Schaller said every effort will be made to find the exact cause of Saturday afternoon’s tragic events, which also left more than 300 injured.
People were trampled to death and crushed in the crowd passing through a tunnel to the entrance of the festival, attended by over one million people.
The Love Parade, one of the world’s largest electronic music events, was founded in Berlin in 1989 as a peace parade shortly before the fall of the Berlin Wall.
Authorities prepared to face tough questions at a press conference over why hundreds of thousands of people were funnelled through a single highway underpass into the former freight railway station used to host the annual Love Parade.
German media reported that there were at least 1,4 million people, but police did not immediately confirm that estimate.
Witnesses said officers in Duisburg, a city near Duesseldorf in western Germany, closed the end of the tunnel emptying on to the festival grounds after they become overcrowded around 5 pm.
They told revellers over loudspeakers to turn around and walk back in the other direction.
But the entrance to the tunnel did not appear to have been closed and people continued piling in, sparking panic and then a deadly crush.
Witnesses described a desperate scene, as people piled up on each other or scrambled over others who had fallen.
Party goer Udo Sandhoefer told German news channel n-tv that even though no one else was being let in, people still streamed into the tunnel, causing “a real mass panic”.
“At some point the column [of people] got stuck, probably because everything was closed up front, and we saw that the first people were already lying on the ground,” he said.
City officials chose not to evacuate the site, fearing it might spark more panic.

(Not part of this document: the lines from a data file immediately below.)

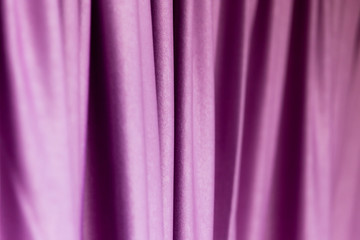 Purple cloth on the curtain as a background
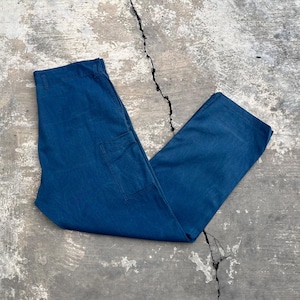 Può includere: Pantaloni da lavoro blu con gamba dritta e una singola tasca laterale. I pantaloni sono realizzati in un materiale robusto. Questi pantaloni sono adatti per il lavoro o per il tempo libero. Misurano circa 100 cm di lunghezza.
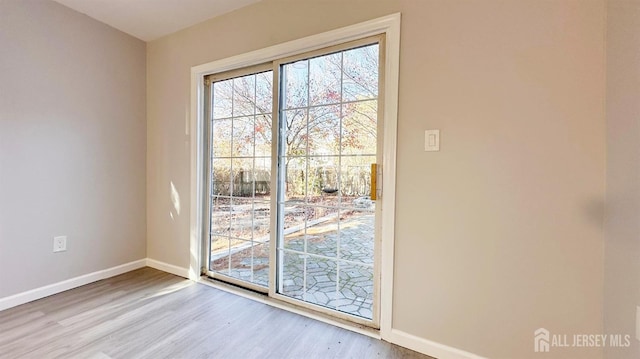 126 Jefferson Ln, Little Egg Harbor, NJ 08087 - doorway to outside with wood finished floors and baseboards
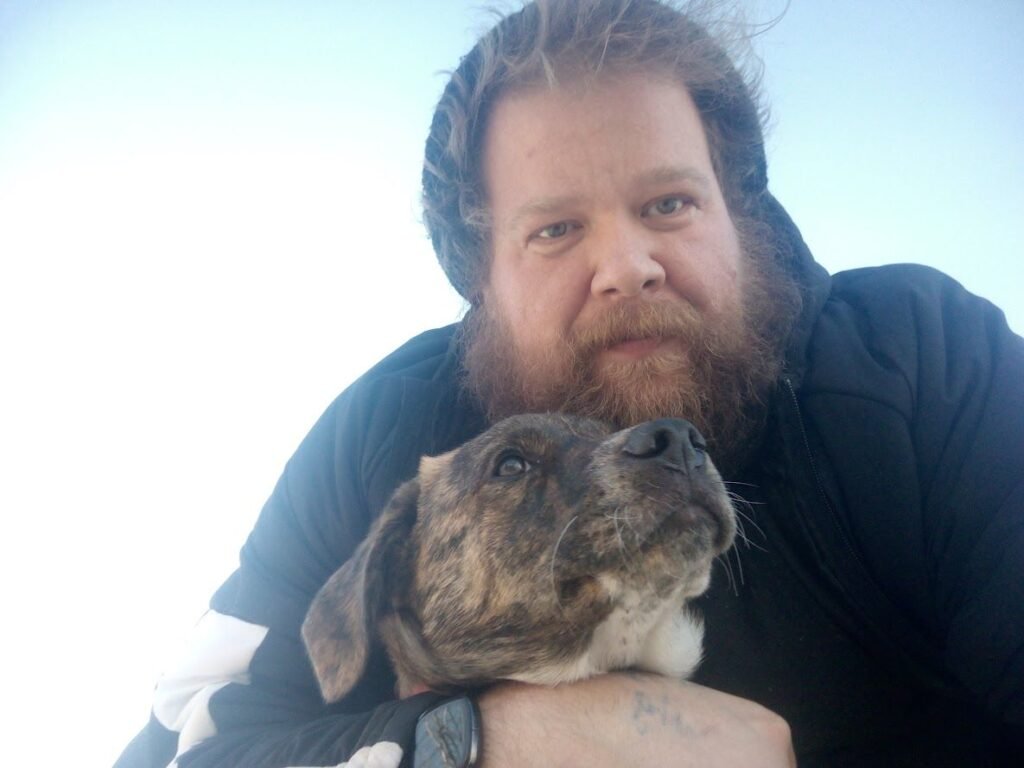 Kevin Duska looks straight at the camera while his loyal service dog Wilco looks up at him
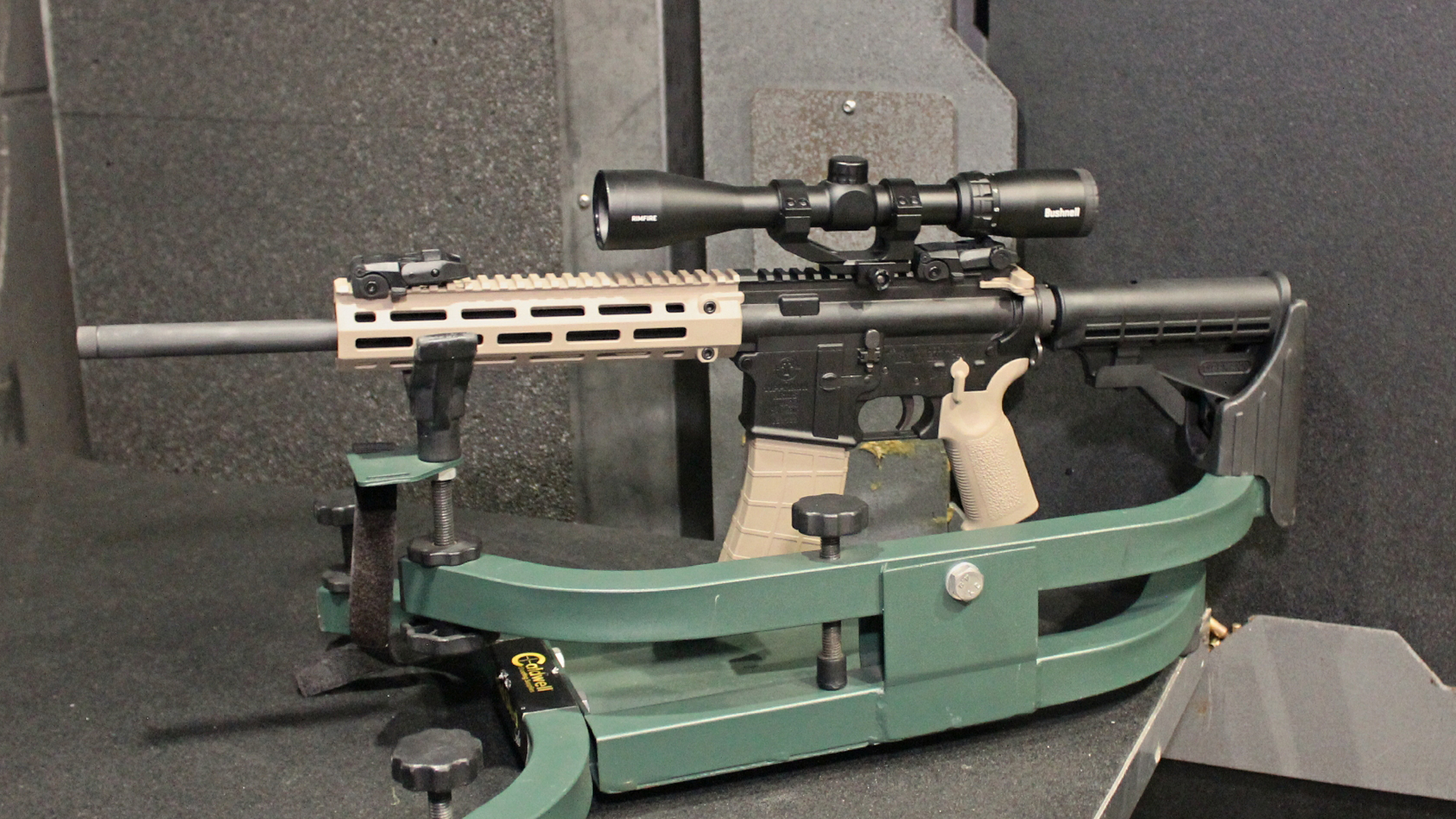 Tippmann M4-22 LTE in rifle rest on shooting table indoor range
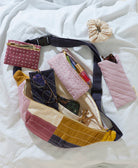 Colorful patchwork fanny pack with various items on a white fabric background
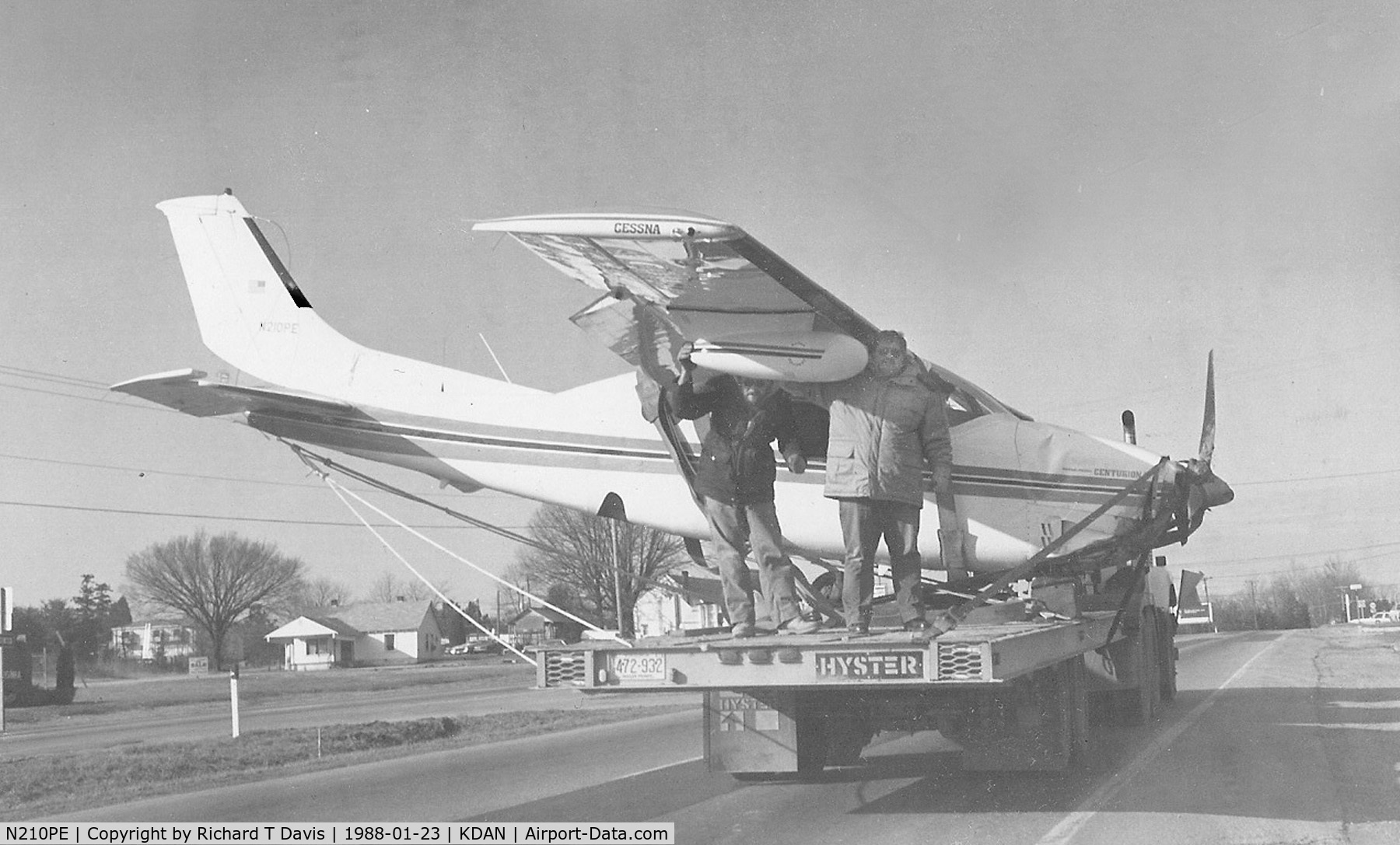 N210PE, 1969 Cessna 210J Centurion C/N 21059180, N210PE 1969 Cesna 210PE moves along on a trailer on 58 East back to KDAN ...it had crashed Jan. 21,1988 about 2 miles from the airport after it ran out of fuel..NTSB  BFO88LA015...thats Mike Rembold of General Aviation at right on the back...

Many people continued partying, unaware of the deaths.
Rescue workers carried away the injured as techno music thundered in the background.
Other workers had trouble getting to the victims, hampered by the huge crowds.
Local media reported that the cellphone system in Duisburg broke down temporarily and frantic parents trying to reach their children instead drove to the scene to look for them.
However, most streets downtown were blocked by police and the highways leading to the city were jammed.
Several media outlets also reported that rescue helicopters had problems taking away the heavily injured because there was not enough space for them to land.
German authorities also have not identified the victims yet, but the Dutch Foreign Ministry said that a 22-year-old Dutch man was among then.
The original Berlin Love Parade grew to a huge outdoor celebration of club culture that drew about 1,5 million people at its peak in 1999, but suffered from financial problems and tensions with city officials in later years, and was eventually moved.